For those who did not attend the Blog track workshop at TREC, please feel free to post your comments about the proposed tasks for 2009.

Hope you all join us in the TREC 2009 Blog track!


Sérgio Nunes said...

Please consider keeping the baseline adhoc retrieval task for both blog posts and feeds. This would allow research on web retrieval besides opinion finding.


Iadh Ounis said...


You mean, you would like to keep the baseline task, i.e. have a two-stage submission procedure like this year?

Sérgio Nunes said...

I think that the two-stage submission procedure was a good solution. It established a common ground to isolate opinion/polarity extraction techniques but also allowed research on basic web retrieval features. However, with the new proposed tracks (story tracking and faceted distillation) this two-stage submission seems inadequate.

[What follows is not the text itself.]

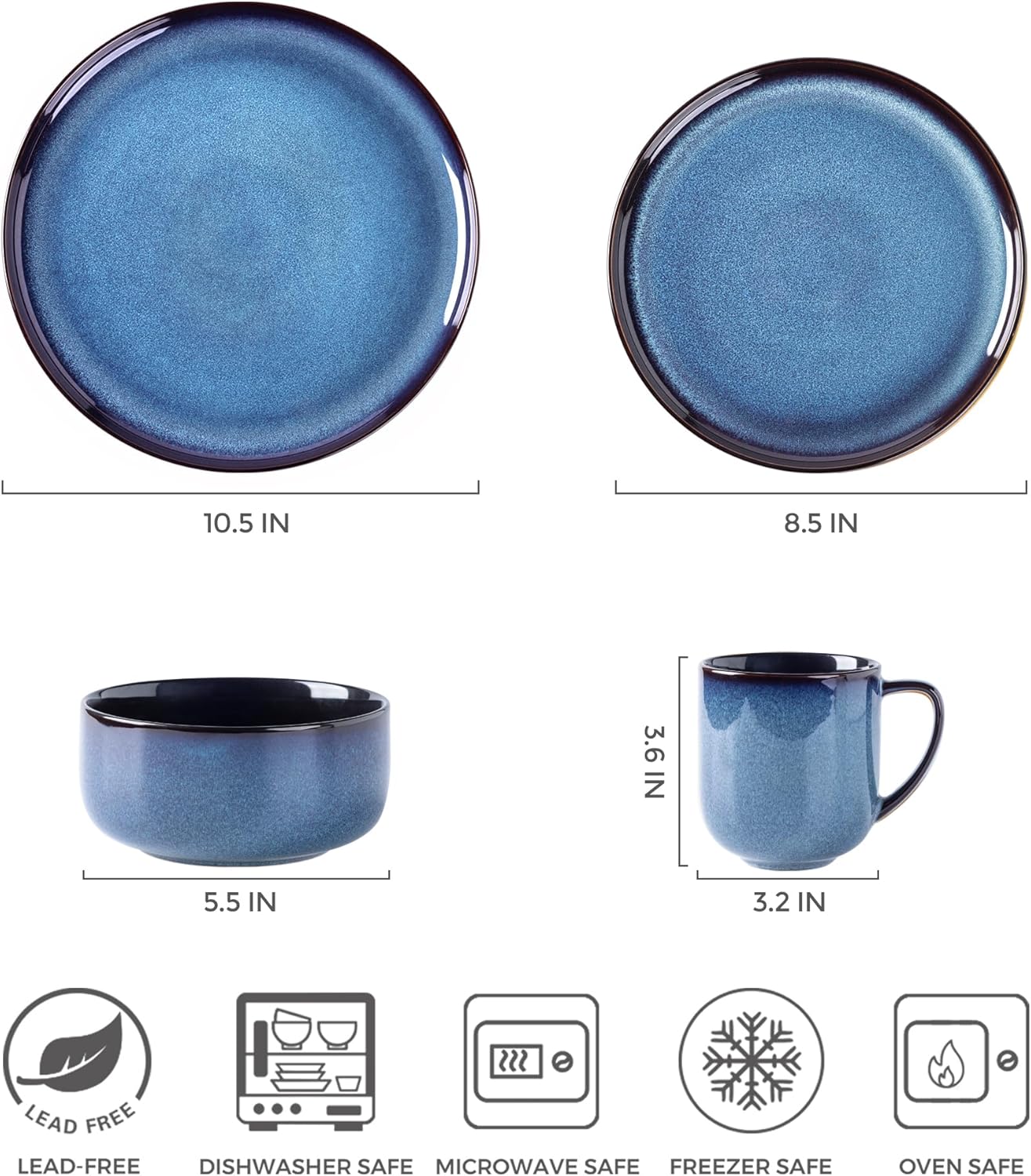 LERATIO Ceramic Dinnerware Sets for 4,16-PieceReactive Glaze Plates and Bowls Set with Mugs,Highly Chip and Crack Resistant | Dishwasher,Microwave & Oven Safe Dishes set-Blue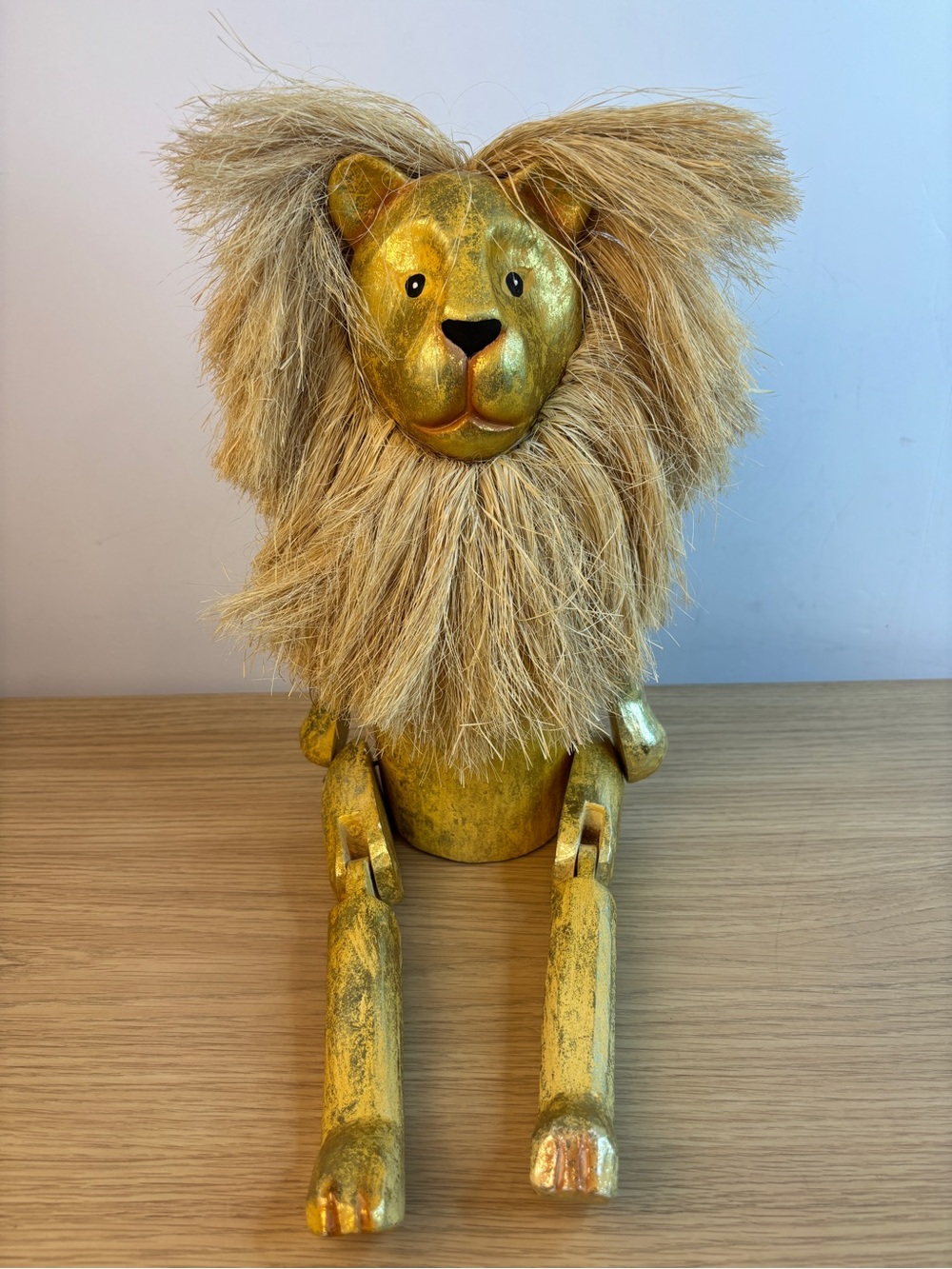 Vintage Pier 1 Imports Jointed Wooden Lion Shelf Sitter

Since I am interested in basic web document retrieval, and the WWW track has been discontinued, I see the Blog track as the only venue for testing adhoc retrieval techniques over web documents. Thus, my suggestion for a simple, standard adhoc retrieval task over the blog collection.

Iadh Ounis said...

The faceted blog distillation task will require a two-stage assessement procedure: first the blog is assessed on whether it is relevant, i.e. have a recurring
 interest in a topic of interest. If deemed relevant, then it will be assessed on whether it meets the
. Somehow, the news search task will also include an adhoc retrieval dimension (e.g. "Find me the top stories being currently discussed in the blogosphere").

On the other hand, you might wish to know that there will be a Web track running next year in TREC 2009. It will use a new collection of about 1 billion of documents. Happy indexing!

Sérgio Nunes said...

Great news about a new edition of the web track. However, I suspect that the collection will be a static (snapshot like) crawl of web documents - i.e. no temporal information.